Le ministre français des Affaires étrangères faisait référence aux manifestations, non autorisées, qui ont rassemblé des milliers de personnes dans de nombreuses villes de Russie le 23 janvier, lors desquelles des manifestants et des membres des forces de l'ordre ont été blessés. Quelque 4 000 personnes avaient été arrêtées ce jour-là, selon le comptage de l'ONG OVD-Info. En outre, Vladimir Soloviov, président de l'Union russe des journalistes, avait rapporté qu'une quarantaine de journalistes avaient été arrêtés le 23 janvier – cependant, tous avaient été libérés immédiatement après la vérification de leurs documents.
Ces dernière semaines, Moscou a de son côté dénoncé les ingérences occidentales liées à ces mobilisations illégales de soutien à Navalny, pointant du doigt la présence de diplomates européens dans les rangs des manifestants ou l'indication, sur le site de l'ambassade américaine à Moscou, des heures et lieux des mobilisations non-autorisées en Russie.
Chez vous, cela fait deux ans que les Gilets jaunes descendent dans la rue
Ce 10 février, la diplomatie russe a également renvoyé la France à sa propre gestion de manifestations anti-gouvernementales. Lors d'une session de la commission de la Douma (chambre basse du Parlement russe) chargée d'enquêter sur les faits d'ingérence étrangère, la porte-parole du ministère russe des Affaires étrangères, Maria Zakharova, a directement répondu aux propos tenus par Jean-Yves Le Drian fin janvier : «Le ministre français des Affaires étrangères monsieur Le Drian a exprimé sa grande inquiétude au sujet, je cite, "des actes autoritaires en Russie" [...] Ecoutez, vous êtes ministre français des Affaires étrangères. Chez vous, cela fait deux ans que les Gilets jaunes descendent dans la rue. Et afin de réprimer leurs manifestations vous utilisez des moyens spéciaux anti-émeutes qu’on ne peut même pas imaginer.»
Si la porte-parole du ministère russe des Affaires étrangères ne précise pas à quels «moyens anti-émeutes» elle fait précisément référence, l'allusion peut évoquer les lanceurs de balles de défense (LBD) et certaines grenades utilisées par les forces de l'ordre. Depuis les manifestations des Gilets jaunes de l'hiver 2018-2019, au moins 30 manifestants ont été éborgnés et cinq ont eu la main arrachée, selon un décompte du journaliste David Dufresne – des blessures pour lesquelles l'utilisation de ces équipements est principalement mis en cause, rappelle l'AFP ce 10 février.

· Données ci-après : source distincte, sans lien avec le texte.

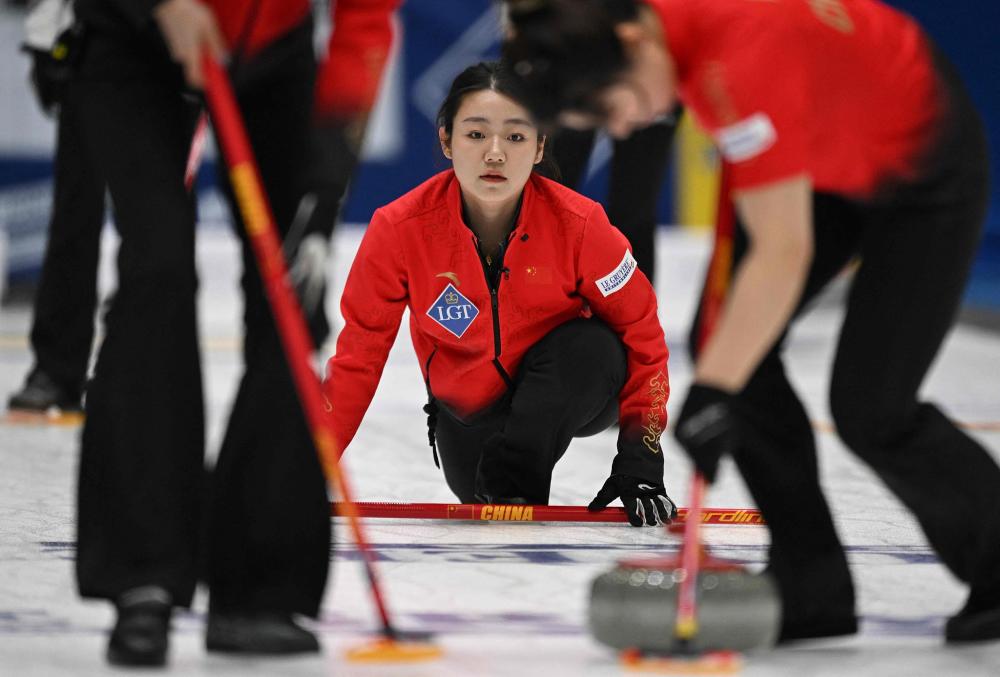 罗马的胜利 罗马的胜利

La crise des Gilets jaunes a relancé la controverse en France sur l'usage du LBD, et les tirs avec cette arme sont désormais filmés. Si la grenade GLI-F4 a en outre été retirée de l'arsenal policier pour la voie publique, ainsi que l'annonçait l'ancien ministre de l'Intérieur Christophe Castaner en janvier 2020, la grenade GM2L, à effet combiné (lacrymogène pulvérulent, très forte détonation et un effet de souffle) reste utilisée.